La violencia grave pretende transformar lo que el otro es en busca de que sea lo que yo quiero que sea; y, principalmente, lo hace de dos maneras. Puede hacerlo conceptivamente, tratando de modificar las consideraciones motivacionales del otro: pretende entrar en su entidad y hacerlo que deseche la historia de lo que ha sido, sus instancias entitativas y que se someta a las instancias que se le dicten ahora o en un futuro. Pero también puede darse de manera física: cuando el cuerpo que el otro es, es el que recibe la violencia brutalmente en el contacto que lo penetra, que abre las fronteras dérmicas que separan lo intensivo de lo extensivo; o que simplemente pretende afectar gravemente su estancia existencial, causarle dolor, angustia, sufrimiento, pero también placer, regocijo, gozo.

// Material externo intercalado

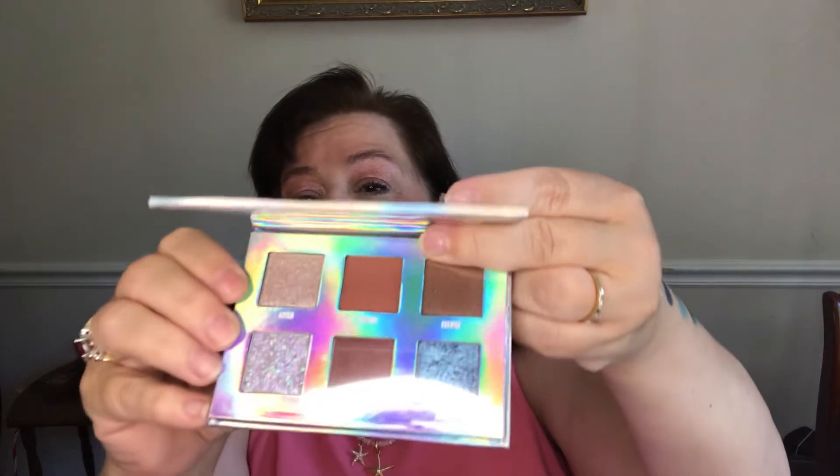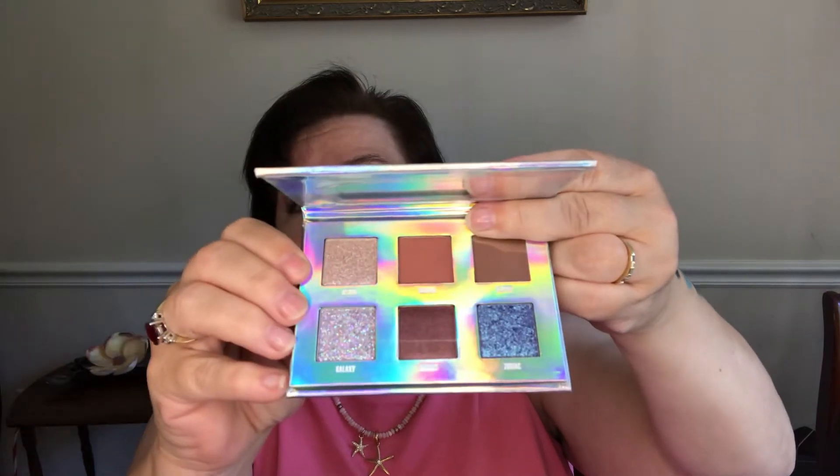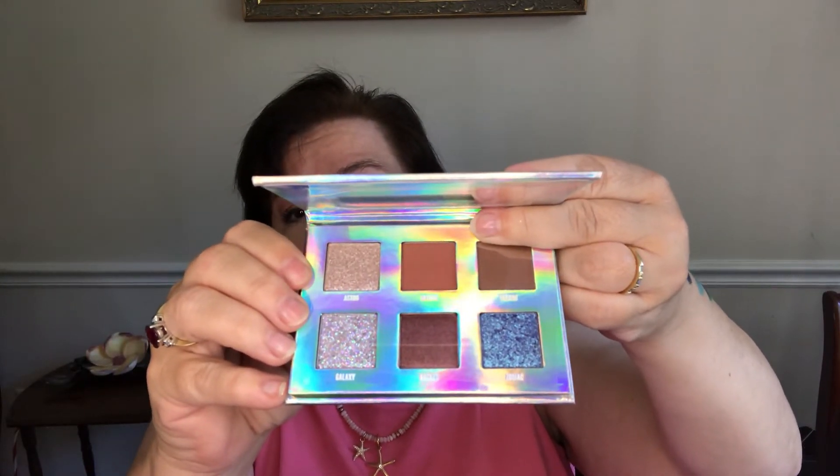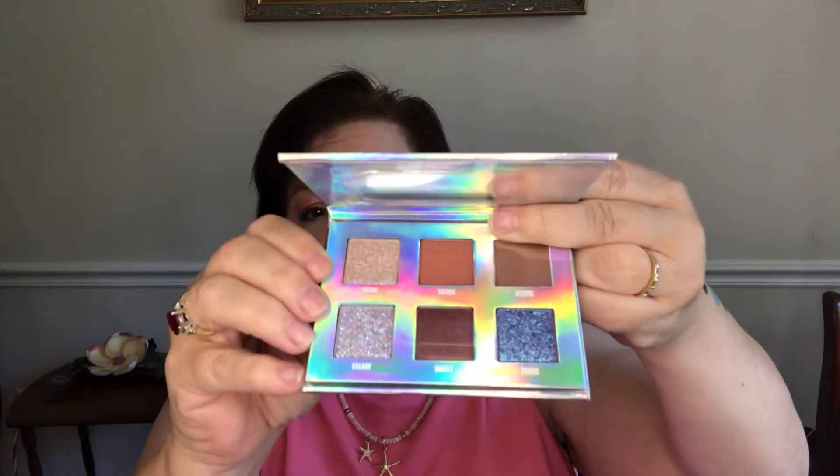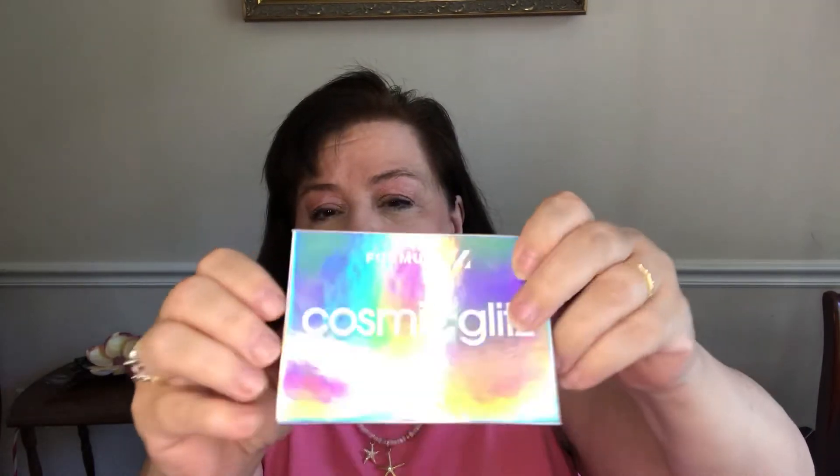So this is by Formula Z, it's Cosmic Glitz. If I had paid full price for it, it would be $25. These are some pretty colors — it's glittery. I don't know how well it'll stay on, but I'll probably have to use a primer for this. It's stuff I will use, and it's a cool holographic package, so that's okay.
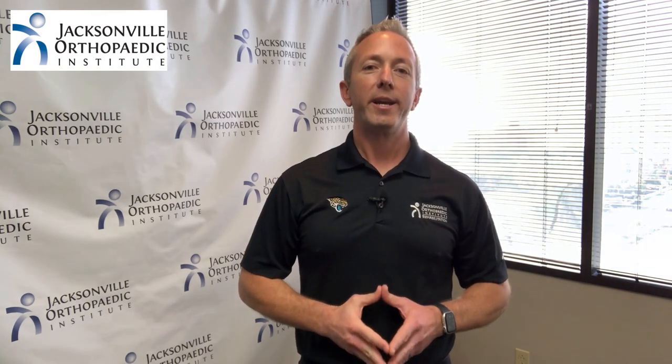If you have tennis elbow or lateral epicondylitis, you don't need to wait for treatment. The Jacksonville Orthopaedic Institute is ready to help you right now. Call JOI 2000 or go to JOI.net to schedule an appointment.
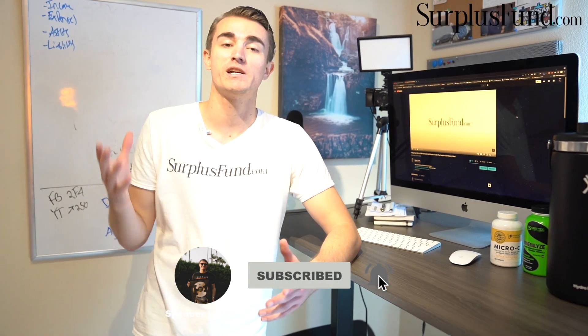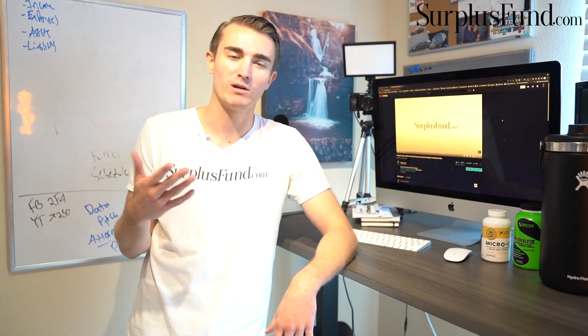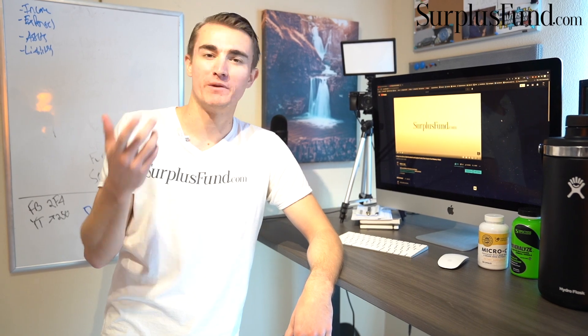Before I jump into it, make sure you hit the subscribe button and the notification bell because once per month we give away free courses, and you want to get notified when we do a live stream to give those away. So if you're not subscribed, click the button and hit that notification bell.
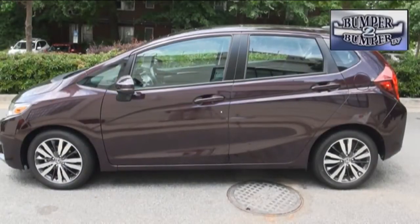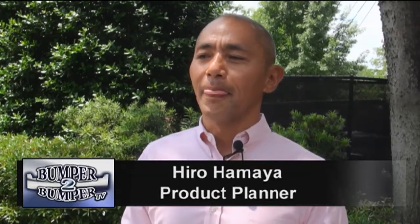So why do all of this for a Fit? We used to call it a penalty box because subcompact was, 'I'm going to get this car because this is the only one I can afford.' Nowadays, it's totally different. People are shopping for the subcompact aggressively because we have more feature content. Exterior and interior is being extremely refined. So the segment itself is growing and being matured. That's why we needed to make sure that we have a very good vehicle in this segment.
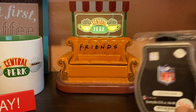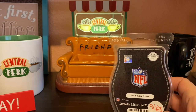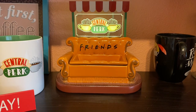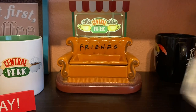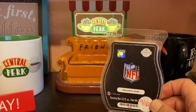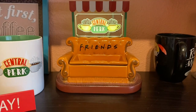Then we have Gridiron Rush, which is also in my quarterly club. I like it but it's a little too springy for me right now, and slightly masculine. The notes are citrus, crisp apple, fresh cut grass, and sandalwood. Also, I want to say thank you to Mandy for making an order on my website — I really do appreciate it and need to send you a thank you gift.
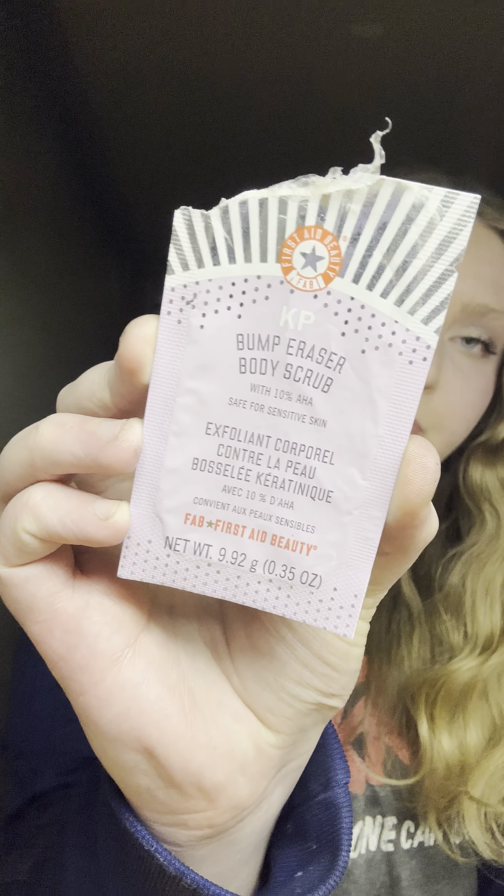First I'll start off with body care. The first item is a sample of the First Aid Beauty KP Bump Eraser Body Scrub, which I got from Sephora with a purchase. The consistency was like a sandy texture, similar to the Kopari one. It helped with my KP and my skin was smooth, but I think I like the Kopari one better, so between the two I would purchase the Kopari one.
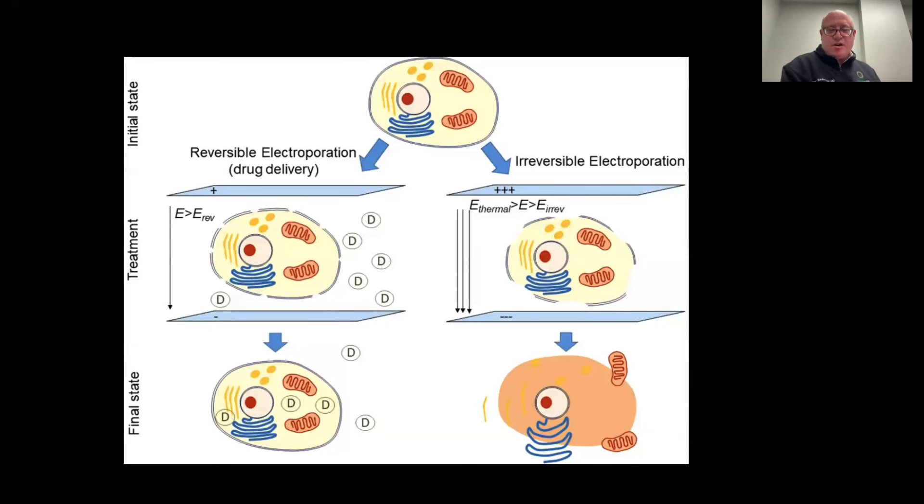In cartoon fashion, what is essentially happening is that a normal cell undergoes the electroporation electrical field, which creates pores in the cell membrane, allowing leakage of internal cell substances, and then eventually cell death occurs as more cell substances leave the cell, leaving the cell empty and unable to hold a current as it normally would.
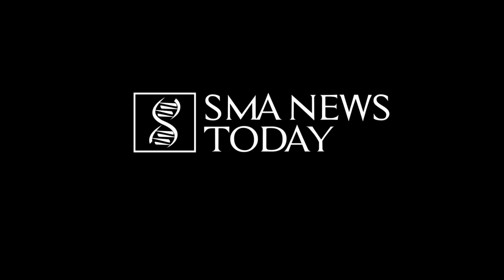The information in this video is provided for informational and educational purposes only. Hello, my name is Ryan Berhar, and I'm a columnist for SMA News Today.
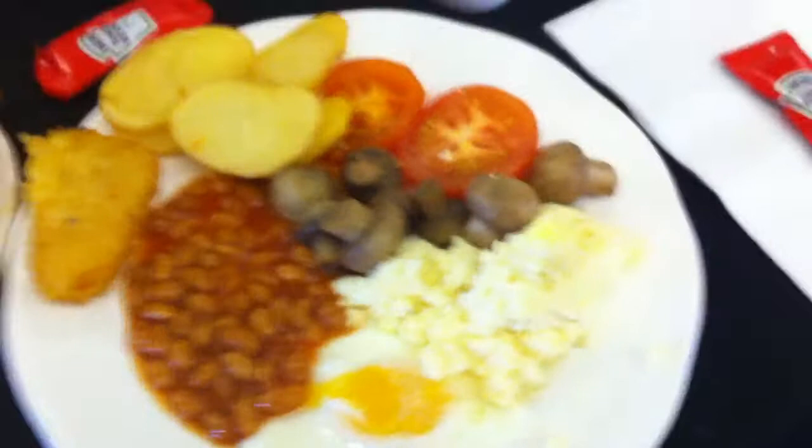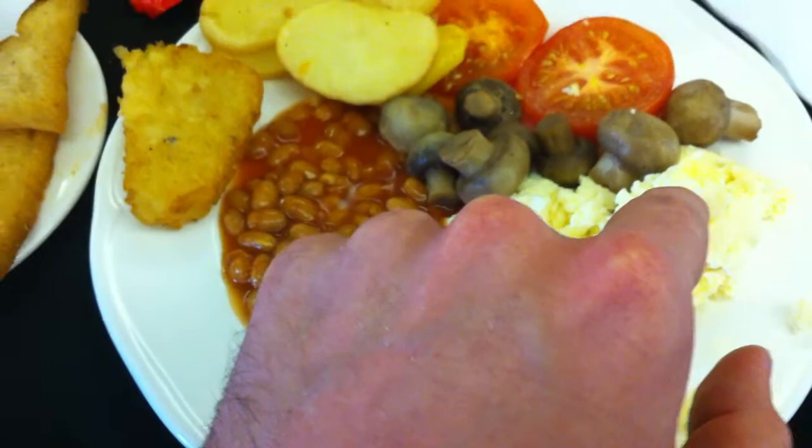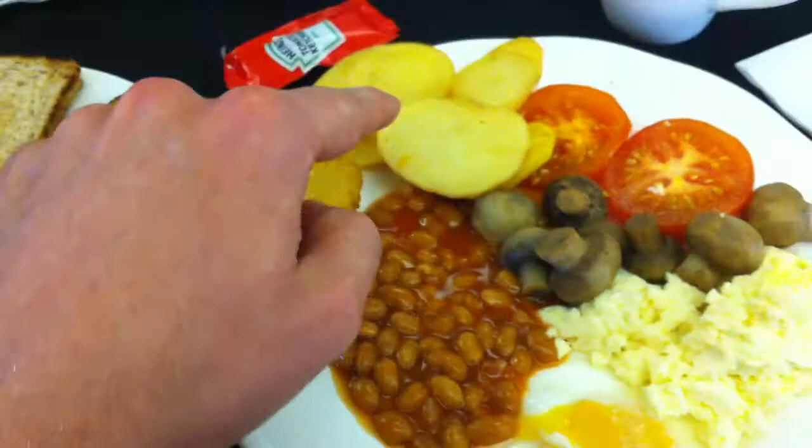We have some eggs — fried eggs, scrambled eggs — some mushrooms thrown in for good measure, a couple tomatoes, hash browns, potatoes, beans, some sort of fried toast, and some regular toast, some coffee, some orange juice, and I am just set.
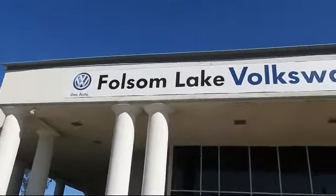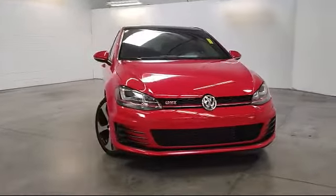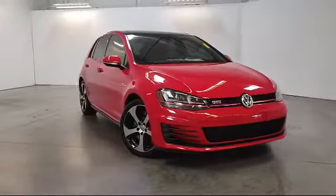Welcome to Folsom Lake Volkswagen, part of the Folsom Auto Mall, and here's another look at one of our quality pre-owned vehicles that comes equipped with a rear spoiler.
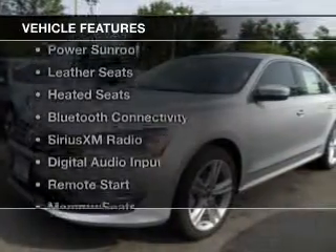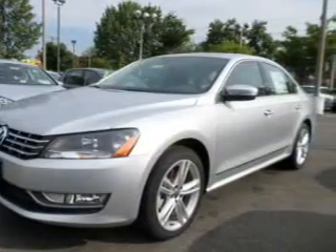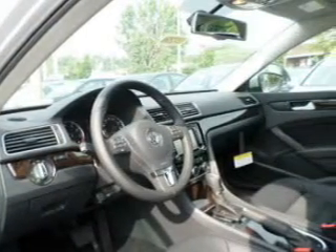The features include a turbocharger, a power sunroof, leather seats, heated seats, Bluetooth connectivity, Sirius XM satellite radio, and digital audio input.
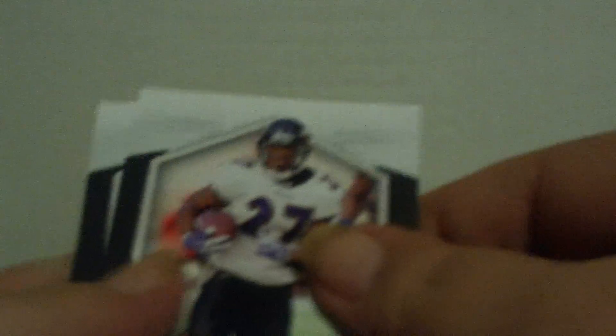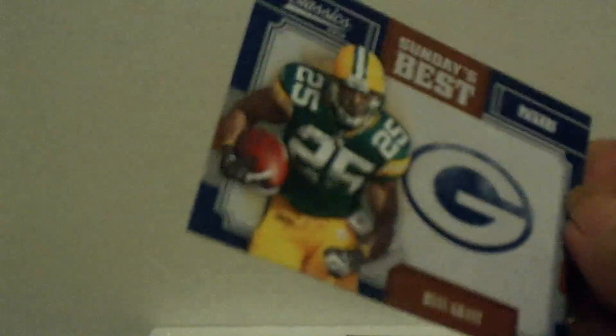I'm pretty sure you won't see me buying any more blasters of Panini Classics. Won't make that mistake again. There's the other insert on the bottom of this pack — and it is Sunday's Best, Ryan Grant, Packers. No number. So two cheap inserts.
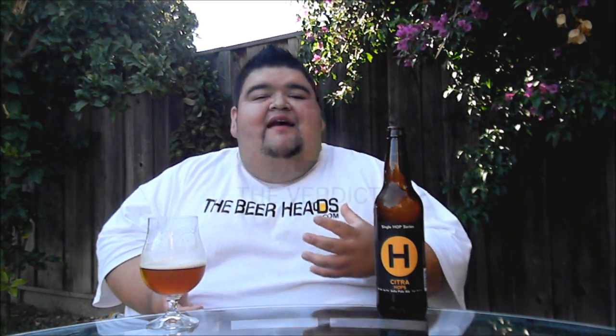You get grapefruit, pineapple, peach, a little bit of papaya in this one. A nice, huge, pungent bitterness — but at the same time the finish on this one sticks around and it is really nice. You get a grapefruit and a subtle bitterness with that nice malt component.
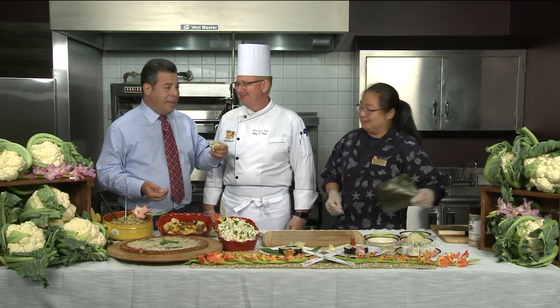Great to have you. Appreciate it. I can eat my weight in sushi, but if this is healthier, then keep the California roll — I'll just take this cauliflower version.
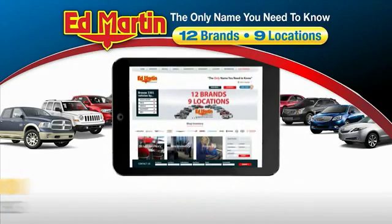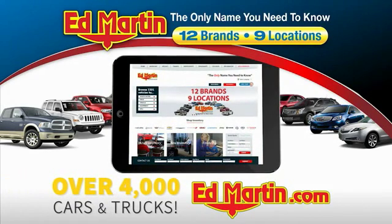Thank you for clicking our video. You can also shop over 4,000 more cars and trucks online at edmartin.com.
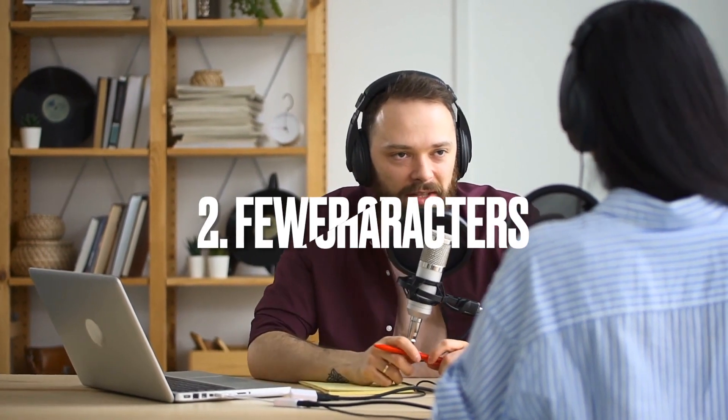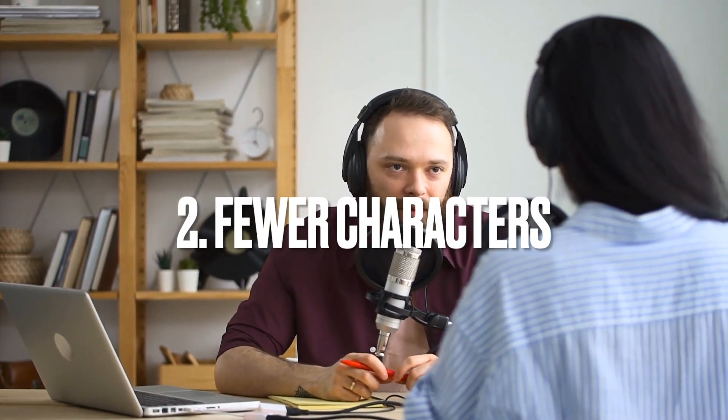Number two: use fewer characters. The temptation for any screenwriter is to use multiple characters to tell their stories. However, fewer characters means less money spent on casting, wardrobe, and makeup. Stick to the essential characters and avoid extras.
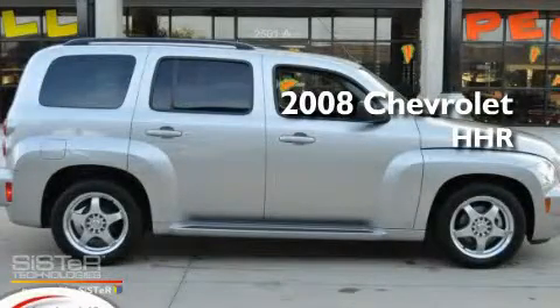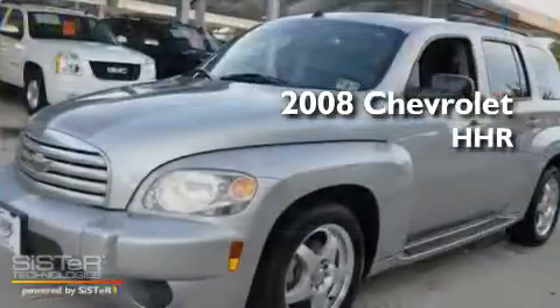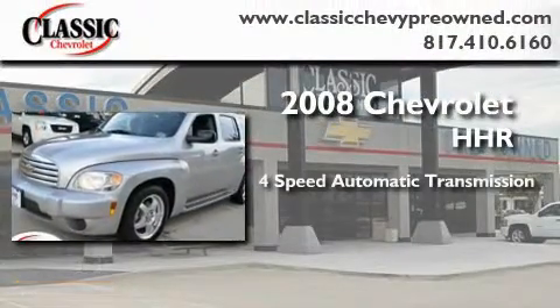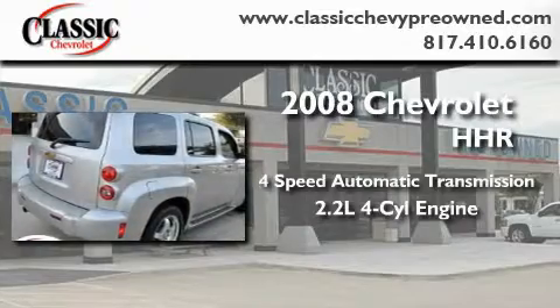This is a certified pre-owned 2008 Chevrolet HHR. This wagon has an automatic transmission and an inline four-cylinder engine.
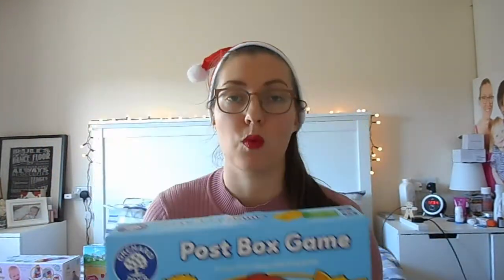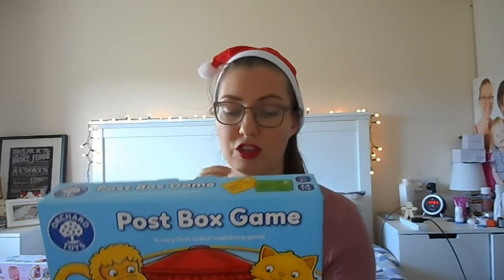The next thing we got her is this post box game from Orchard Toys. We absolutely love Orchard Toys. I got this on Amazon when it was on a deal — they're normally between £8 and £15, and I picked it up for about £8. It's suitable for ages 2 plus, but she's quite advanced for 15 months as she loves copying Freddie. She also loves posting items through the baby gate, so this is perfect. Freddie will love showing her how to do the colour matching too.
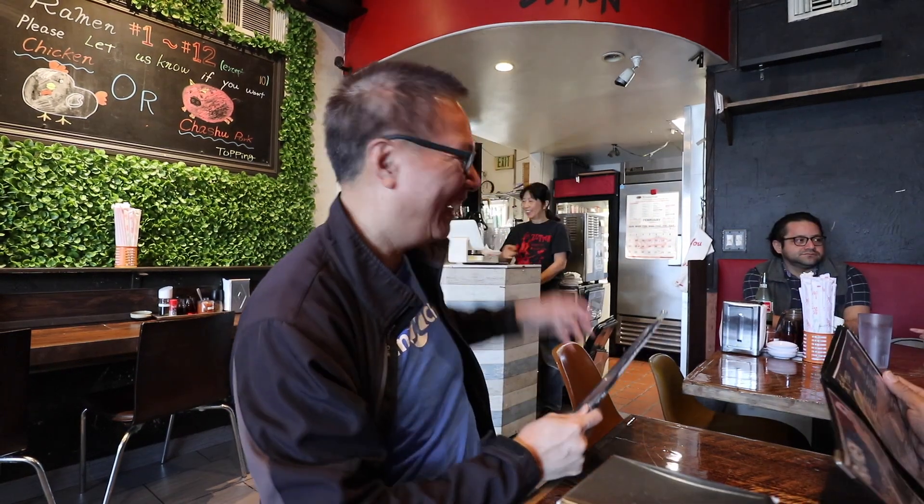Yeah, it fits maybe 25 to 30 people — that's it. There's a little ramen bar behind me. But I read great reviews about this place, so we're gonna try it out.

De cualquier modo consiste en tratar de provocar en el otro un cambio entitativo, afectándolo —físicamente— en su estancia actual o —conceptivamente— en su determinación motivacional. Es decir, que lo que el otro es se pretende que más no lo sea, que lo que entitativamente lo determina deje de hacerlo por la acción mía, por lo que concibo en mi existencia que debe cambiar del otro: Es pretender erigirme en el agente de lo que sujeta al otro, ser yo el que determine sus determinaciones sensitivas: tratar de hacer alegre o de hacer triste a alguien, tratar de que se sienta [de que su existencia se le dé] de tal o cual modo es tratar de violentar su autonomía relativa para convertirme en el dictador de [en el que le dicte] lo que debe manarle de su entidad a su existencia. Intento irremisiblemente fallido de hecho (pues nunca sucederá que mi voluntad sea la que, en su acaecer mismo, dicte la voluntad del otro) pero que puede intentase por la mediación de lo del mundo inter-objetivo, presentando en él algo que pueda reproducirle las condiciones que lo determinen a sujetarse como es mi voluntad que lo haga.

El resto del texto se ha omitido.